Błąd zasadniczy? – polemika z Eską

Trzy dni temu, 11.04, Eska napisała notkę “Błąd zasadniczy”  /TUTAJ/.  Nie zgadzam się z jej tezami i zaraz napiszę czemu.

Chodziło  o język używany przez prawicowych publicystów i blogerów.  Eska zakwestionowała zdanie:

“Bo 10 kwietnia 2013 roku, prawdziwi Polacy zgromadzili się właśnie na Krakowskim Przedmieściu, oddając hołd tym, którzy zginęli w katastrofie smoleńskiej.”.

Nie podobał jej się zwrot “prawdziwi Polacy” z dwóch względów: po pierwsze dlatego, że ma on jakoby wprowadzać sztuczne podziały na “prawdziwych” i “nieprawdziwych” Polaków, a po drugie dlatego, iż według Eski:

“I myślę, że to jest podstawowy błąd, daliśmy się zagonić do używania języka, który łatwo wyśmiać. Tak naprawdę nie można odmówić bycia Polakiem nikomu, kto świadomie się do polskości przyznaje, a dodatek „prawdziwy” od razu daje pretekst stronie przeciwnej do wyzywania od antysemitów, katoli itp. – czyli sami się dajecie, Mili Państwo, wpuszczać w narzuconą narrację. “.

Jeśli chodzi o pierwszą kwestię, to radzę porównać wyrażenie “prawdziwy Polak” z “prawdziwy mężczyzna”.  Jeden oznacza szczególne przywiązanie do polskich wartości, a drugi – wyraźne cechy męskie.  Nigdy nie słyszałam o tym, by jacyś panowie poczuli się mniej męscy, gdy przeczytali zdanie typu: “Nasi siatkarze to prawdziwi mężczyźni”.  Z polskością jest tak samo.

Istotniejszy jest drugi powód.  Mamy przestać używać tego zwrotu, bo nasi przeciwnicy nas wyśmieją lub przypiszą nam jakieś brzydkie cechy, n.p. antysemityzm.  Takie podejście oznacza, że dajemy naszym wrogom prawo do kształtowania języka, którym będzie wolno nam się w przyszłości posługiwać.  Wtedy staniemy się wdzięcznym obiektem manipulacji.  Przecież “polityczna poprawność” szerzona jest właśnie w ten sposób.

Charakterystyczny jest zamiennik tego “trefnego” wyrażenia, proponowany przez Eskę:

“Dlatego ja bym napisała, że 10 kwietnia 2013 roku  porządni, odpowiedzialni ludzie, traktujący z powagą swoje państwo  zgromadzili się właśnie na Krakowskim Przedmieściu,”.
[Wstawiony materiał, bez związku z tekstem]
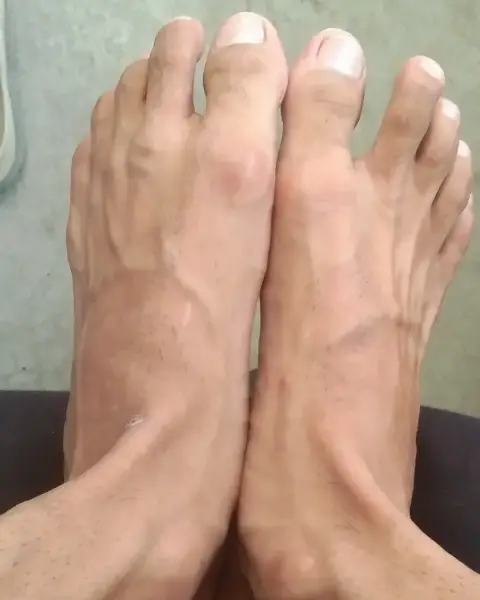 Rate my veiny feet XD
Ważne jest to, iż w ogóle nie ma w nim mowy o Polakach i polskości.  Ale przecież o to właśnie chodzi t.zw. “europejczykom” – byśmy przestali czcić wartości oraz barwy narodowe, zapomnieli o swojej przeszłości i roztopili się w masie “nowoczesnych ludzi”.  Nie wiem, czemu Eska chce się wpisać w ten nurt.

Moim zdaniem, powinniśmy zrozumieć jedno: nasi przeciwnicy będą nas wyśmiewać, cokolwiek byśmy nie zrobili i nie będą szczędzić nam różnych obelg.  Nie warto przejmować się tym, co wypisuje jakaś “GW” lub tym, co pokazano w TVN.  Jak długo nas to obchodzi – tak długo oni mogą nami sterować.

Należy wypiąć się na nich i kształtować oraz propagować nasze wartości w miarę posiadanych  sił i środków.  Popatrzmy na sprawę Smoleńska.  Po trzech latach wysiłków naszego obozu mainstream musiał się ugiąć i przestać przemilczać nasze stanowisko.

Oczywiście próbuje teraz wykorzystać to i rozbić nasz obóz na tych, których się dopuści lub nie.  Dlatego takie modne stało się ostatnio krytykowanie “naszych” dziennikarzy.  Trzeba tu uważać – to często jest sterowane.  Doradzałabym Esce ostrożność.